自然が作り出す“あかり”や人工的に作られた“あかり”など様々な“あかり”が私たちのまわりには溢れています。“あかり”にはカタチが無く、“眩しい”や“明るい”、“暖かい”、“癒される”など、人によってその捕らえ方は様々です。そんな“あかり”使って、芸術作品として表現したアーティストたちを紹介したいと思います。
光源の形を変えると、こもれびの形が変わるって信じられますか?『木もれ陽プロジェクト』は、そんな不思議を体験できる光のアート。「太陽の形を変えることが出来たら、こもれびの形も変えることが出来る」と考えた木村さんは、夜に特殊な形状をした照明(人工太陽)を使うことで、こもれびの形を自由に変えることを可能にしました。また、このこもれびは、照明を回転させると同じようにくるくる回転します。
“人工太陽”の光が届く範囲の木々の下を歩くと、星型のこもれびに溢れたなかを歩くような体験が出来ます。また、こうした体験によって日中には意識していなかったこもれびに意識を向けるきっかけとなり、自然がつくりだす神秘を全身で感じることができるのです”と木村さん。子ども大人も思わず手をかざして、“あかり”と遊ぶことができる作品です。
<木村 崇人氏>
1997年から「地球と遊ぶ」というテーマで、普段は気付かない自然現象を視覚化する作品を数々発表。様々な切り口から日常生活の中で見過ごしてしまっている地球の力を体感しようと、2006年に東京から南アルプスにある早川町に活動拠点を移す。日本各地のアートイベントで活躍中。
「“風船”は無垢な自由と希望のシンボルであり、“光”は希望の象徴」と平野さん。平野治朗さんの『GINGA』は、その“自由”と“希望”を表現した超小型光源内蔵の風船が舞う幻想的なアート。作品と人が関わってつくり出される参加型アートでもあります。光る風船を持った人たちが街に溢れ出すと、風船を通した柔らかな“あかり”が夜空のなかを幻想的に浮かび上がり、非日常空間を創り出すのです。
『GINGA』は2003年から越後妻有トリエンナーレ「大地の芸術祭2003」、水戸芸術館、六本木アートナイト、万博公園など各地で開催されていて、「大地の芸術祭2003」では、国道を全長2km閉鎖し、総計1万人を動員しておこなわれました。また、水都大阪2009では、参加者が風船を手に船に乗り、川辺から眺める人々の視線を集めました。
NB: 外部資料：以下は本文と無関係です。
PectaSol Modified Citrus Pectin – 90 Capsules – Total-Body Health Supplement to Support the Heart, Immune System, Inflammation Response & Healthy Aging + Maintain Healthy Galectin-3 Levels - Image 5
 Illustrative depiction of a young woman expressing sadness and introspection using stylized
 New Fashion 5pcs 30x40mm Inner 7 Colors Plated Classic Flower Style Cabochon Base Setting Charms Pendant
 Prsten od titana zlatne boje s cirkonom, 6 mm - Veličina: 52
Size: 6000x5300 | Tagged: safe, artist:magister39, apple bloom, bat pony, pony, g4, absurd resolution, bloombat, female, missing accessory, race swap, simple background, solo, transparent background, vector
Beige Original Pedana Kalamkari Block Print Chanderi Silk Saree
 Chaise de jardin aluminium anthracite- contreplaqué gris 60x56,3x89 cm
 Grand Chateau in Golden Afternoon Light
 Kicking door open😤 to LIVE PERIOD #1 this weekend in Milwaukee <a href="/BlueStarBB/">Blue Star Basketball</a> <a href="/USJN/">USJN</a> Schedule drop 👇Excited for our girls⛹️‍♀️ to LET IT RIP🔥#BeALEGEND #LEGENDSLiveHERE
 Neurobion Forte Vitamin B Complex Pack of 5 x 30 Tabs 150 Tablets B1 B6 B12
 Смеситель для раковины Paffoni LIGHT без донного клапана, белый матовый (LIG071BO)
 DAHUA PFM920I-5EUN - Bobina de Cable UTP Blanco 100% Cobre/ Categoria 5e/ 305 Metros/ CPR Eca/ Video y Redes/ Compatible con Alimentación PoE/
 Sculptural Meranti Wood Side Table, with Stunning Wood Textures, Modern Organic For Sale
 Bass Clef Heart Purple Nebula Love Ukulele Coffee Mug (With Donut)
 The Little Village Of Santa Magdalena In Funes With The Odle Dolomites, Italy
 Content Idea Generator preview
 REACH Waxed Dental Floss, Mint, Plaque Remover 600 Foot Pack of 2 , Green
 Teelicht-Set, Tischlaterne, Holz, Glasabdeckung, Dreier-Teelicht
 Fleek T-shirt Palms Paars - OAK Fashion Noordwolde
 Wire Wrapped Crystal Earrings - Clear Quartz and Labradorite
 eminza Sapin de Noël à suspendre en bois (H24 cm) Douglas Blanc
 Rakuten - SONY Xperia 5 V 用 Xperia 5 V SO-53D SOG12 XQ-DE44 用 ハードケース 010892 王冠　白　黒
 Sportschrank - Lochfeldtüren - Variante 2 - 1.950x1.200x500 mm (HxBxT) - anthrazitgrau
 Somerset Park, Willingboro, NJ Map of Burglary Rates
不思議な存在感を持った、光の風船を眺めながら街中を歩く…。これは体感した人しか分からない感覚です。
<平野治朗氏>
1987年にArt Unit Complesso Plastico を結成し、その後個人またはユニットで活動。主な作品に、濃密なミストに映像を外からプロジェクションする「白光温泉 -Experimental-」、宇宙の記憶を映像と音で体感させる《120億光年》などがある。
『ミラーチップイルミネーション』は、昼間は太陽、夜は照明の“あかり”を反射して“キラキラ”と輝く、たくさんのミラーチップが作り出す人工の天の川の下を歩くことができるというもの。“人と時間と環境をつなぐ”をテーマとし、竹のアーチに飾られたミラーチップが空の色や明るさ、風向きなどによって変化し、多様な光の表情を見せ、見る人を楽しませてくれます。また、このミラーチップには子どもたちの願い事が書かれています。ひとつひとつの“あかり”が、子どもたちと一緒に作り上げた、ただひとつの作品なのです。その願い事を読んで通り抜けていくのも楽しみ方のひとつとなっていて、ミラーチップのトンネルは、通り抜ける人たちの笑顔で溢れています。キラキラと光輝く『ミラーチップイルミネーション』のトンネルは、たくさんの希望の“あかり”に包まれた空間なのです。